L’influente confrérie a remporté 36,62% des voix lors de la première phase des élections législatives, tandis que le parti salafiste Al-Nour a raflé 24,36% des suffrages.
Longtemps seuls représentants du courant islamiste sur la scène politique égyptienne, les Frères musulmans sont désormais clairement concurrencés par les salafistes, candidats pour la première fois à des élections en Egypte.
Le second tour lundi sera marqué par une rude bataille entre leurs candidats respectifs, en particulier à Alexandrie, la deuxième ville du pays, où Al-Nour a été fondé en février, juste après la chute de Hosni Moubarak.
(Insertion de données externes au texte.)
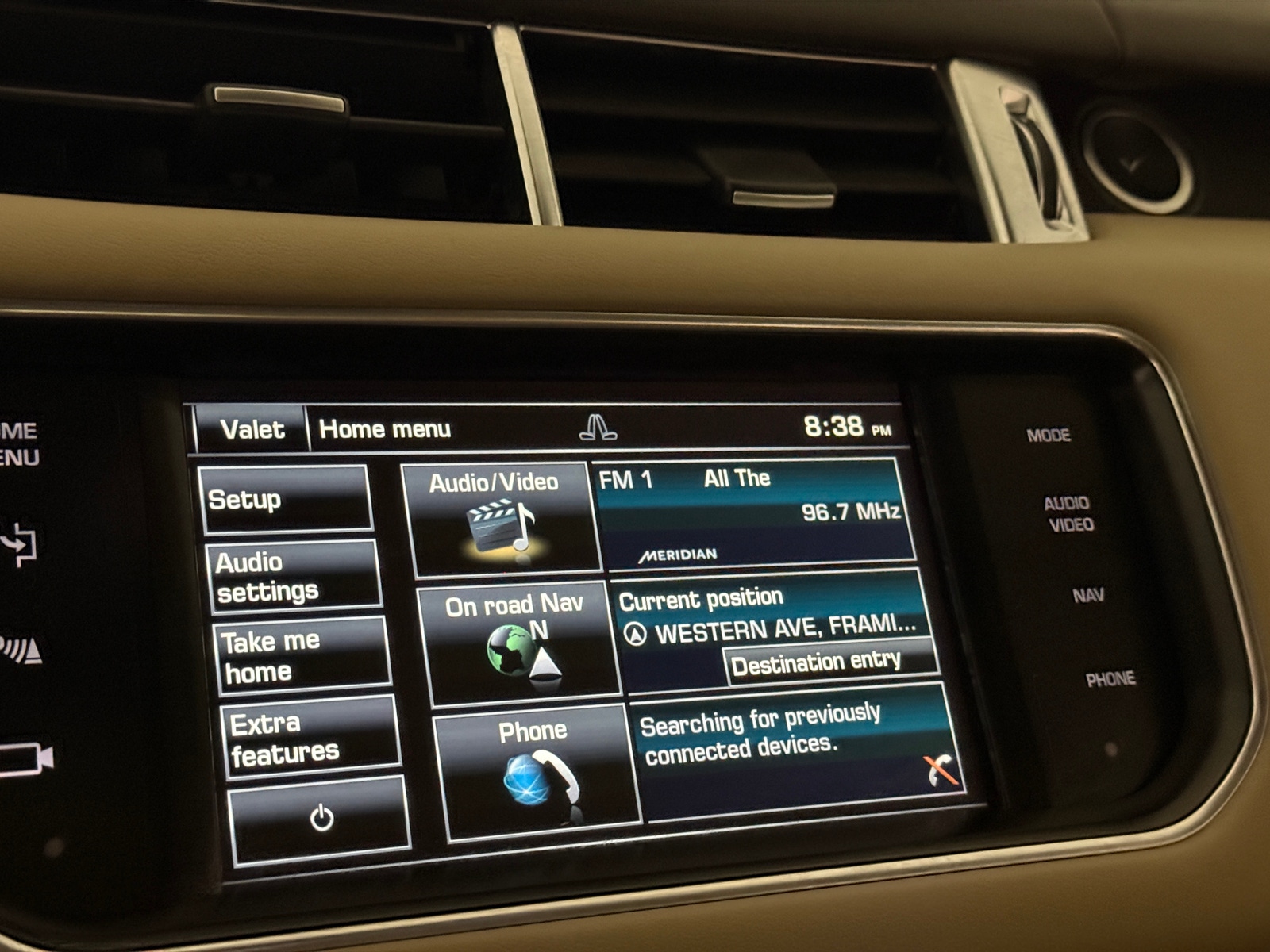 Thumbnail: 2014 Land Rover Range Rover Sport - 3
En raflant un quart des voix, ces tenants d’un islam rigoriste ont pris au dépourvu rivaux politiques et analystes. Ce score "est supérieur à ce que nous attendions", a admis le porte-parole des Frères musulmans, Mahmoud Ghozlane.
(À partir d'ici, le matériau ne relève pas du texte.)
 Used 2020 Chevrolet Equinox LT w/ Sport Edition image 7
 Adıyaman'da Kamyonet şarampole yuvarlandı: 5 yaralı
Si cette tendance se confirme dans les autres gouvernorats, dont le vote est étalé jusqu’au 10 janvier, une alliance entre ces deux mouvements islamistes assurerait au courant religieux, qui est loin d’être homogène, une majorité confortable dans les futures institutions égyptiennes.
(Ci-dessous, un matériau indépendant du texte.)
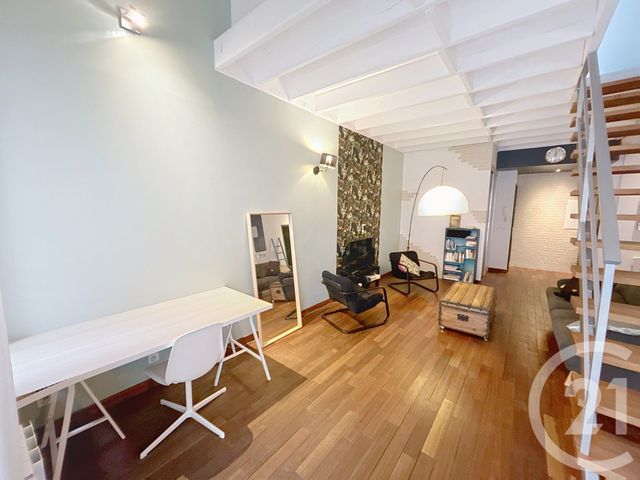 Appartement Duplex à louer - 3 pièces - 78.0 m2 - REIMS - 51 - CHAMPAGNE-ARDENNE - Century 21 Martinot Immobilier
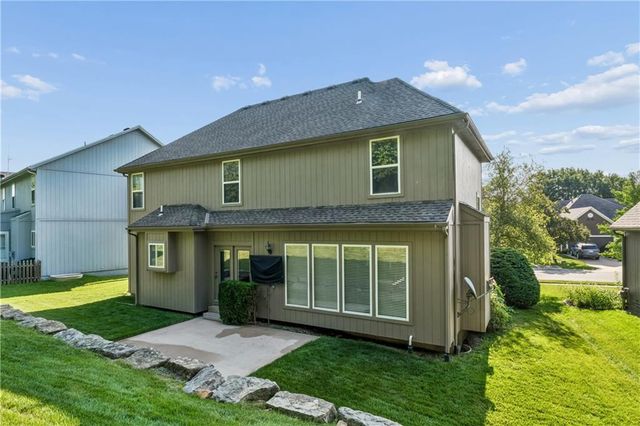 12178 S PRAIRIE CREEK Parkway, Olathe, KS 66062
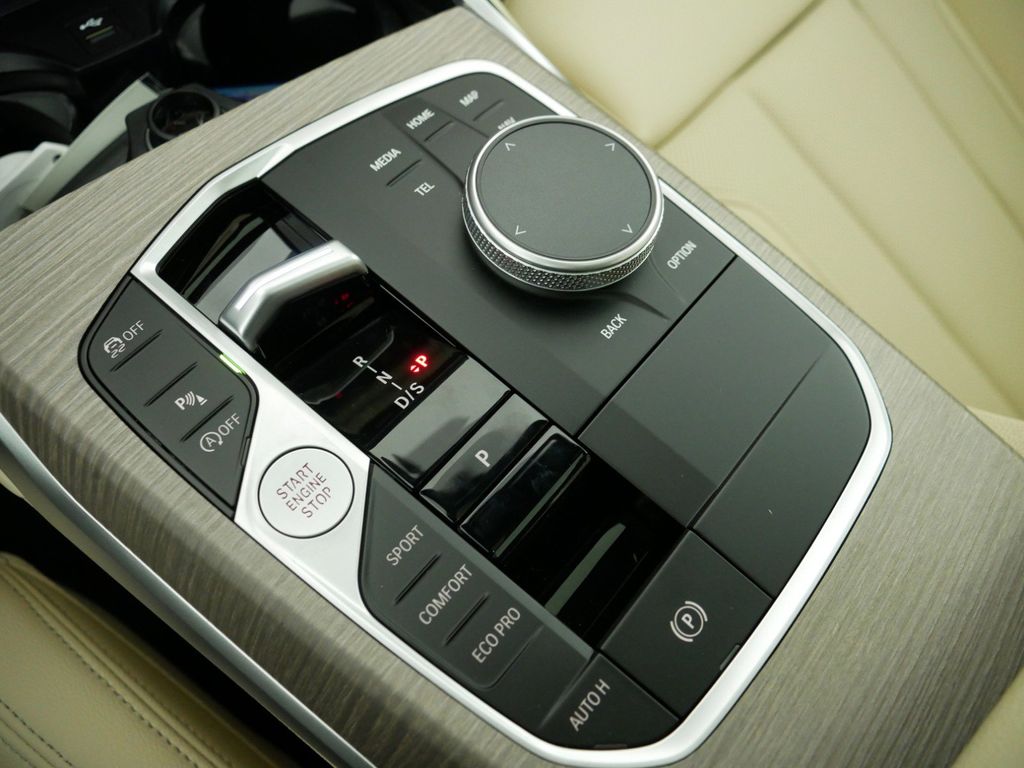2025 BMW 3 Series 330i xDrive 16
Mais selon les analystes, les Frères musulmans, organisés depuis 1928 dans le pays, pourraient être gênés par ce nouveau venu au passé radical et violent, certains salafistes étant des "repentis" du jihad (guerre sainte).
"La percée des salafistes change la donne au sein du camp islamiste. Les Frères musulmans pourraient s’associer aux salafistes et se radicaliser", affirme Hassan Nafaa, professeur de sciences politiques à l’Université du Caire.
"Mais ils peuvent aussi les rejeter pour créer une grande coalition centriste capable de gouverner", poursuit-il. "Les Frères perçoivent les salafistes comme un boulet politique. "Ils savent qu’une alliance avec eux pourrait leur coûter cher".
De fait, la confrérie cherche désormais à rassurer, se réclamant d’un islam "centriste" et "modéré", et prenant ses distances avec les salafistes.
"Nous espérons que les gens distinguent les différents mouvements et ne mettent pas tous les islamistes dans le même panier", a déclaré à l’AFP M. Ghozlane.
Pour les analystes, ces deux mouvances de l’islam sunnite n’ont pas les mêmes priorités.
Les salafistes s’attachent à la lettre des textes religieux et se montrent intransigeants sur l’application de la charia (loi islamique) au quotidien, tandis que les Frères musulmans privilégient le pragmatisme.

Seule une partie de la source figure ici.